L’évaluation se fait à tous les niveaux. Ce n’est pas seulement une évaluation économique. C’est l’évaluation à tous les niveaux, tous les paramètres qui concourent à un bon développement, à une bonne gestion d’un pays. Le mécanisme d’évaluation par les pairs permet d’éviter l’immixtion extérieure.

H.B : Est-ce que vous croyez sincèrement au NEPAD et en ce qu’il peut être un véritable moteur pour le développement de l’Afrique ?

JDS : Je crois au NEPAD. Je n’ai pas le choix de ne pas croire au NEPAD tout simplement parce qu’actuellement il n’y a pas un autre projet aussi cohérent pour le développement de l’Afrique. Ensuite, ce n’est pas parce qu’il y a des difficultés liées à une certaine forme de mauvais management de la mise en œuvre du NEPAD qu’il ne faut y croire. C’est une nouvelle vision parfaitement adaptée au 21e siècle, à la mondialisation qui doit permettre à l’Afrique de s’arrimer au train de la mondialisation. Nous n’avons pas un autre schéma aussi clair que le NEPAD.
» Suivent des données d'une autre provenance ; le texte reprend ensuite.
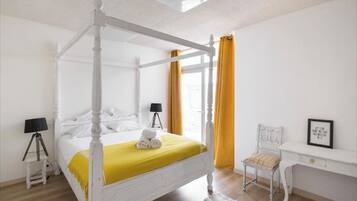 3 chambres, coffres-forts dans les chambres, fer et planche à repasser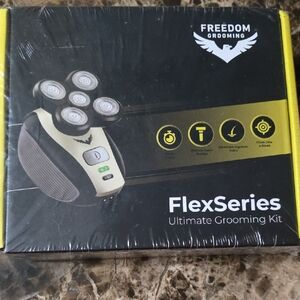FlexSeries Ultimate Grooming Kit - Black and Gold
Donc qu’on le veuille ou pas, on est obligé de croire au NEPAD. Il n’y a pas actuellement un programme alternatif au NEPAD. Tout en reconnaissant les lourdeurs, le mauvais management même des structures du NEPAD, je pense que ce sont toutes choses imputables à toute activité humaine qu’on peut corriger sans remettre en cause fondamentalement le NEPAD qui est un plan clair et précis.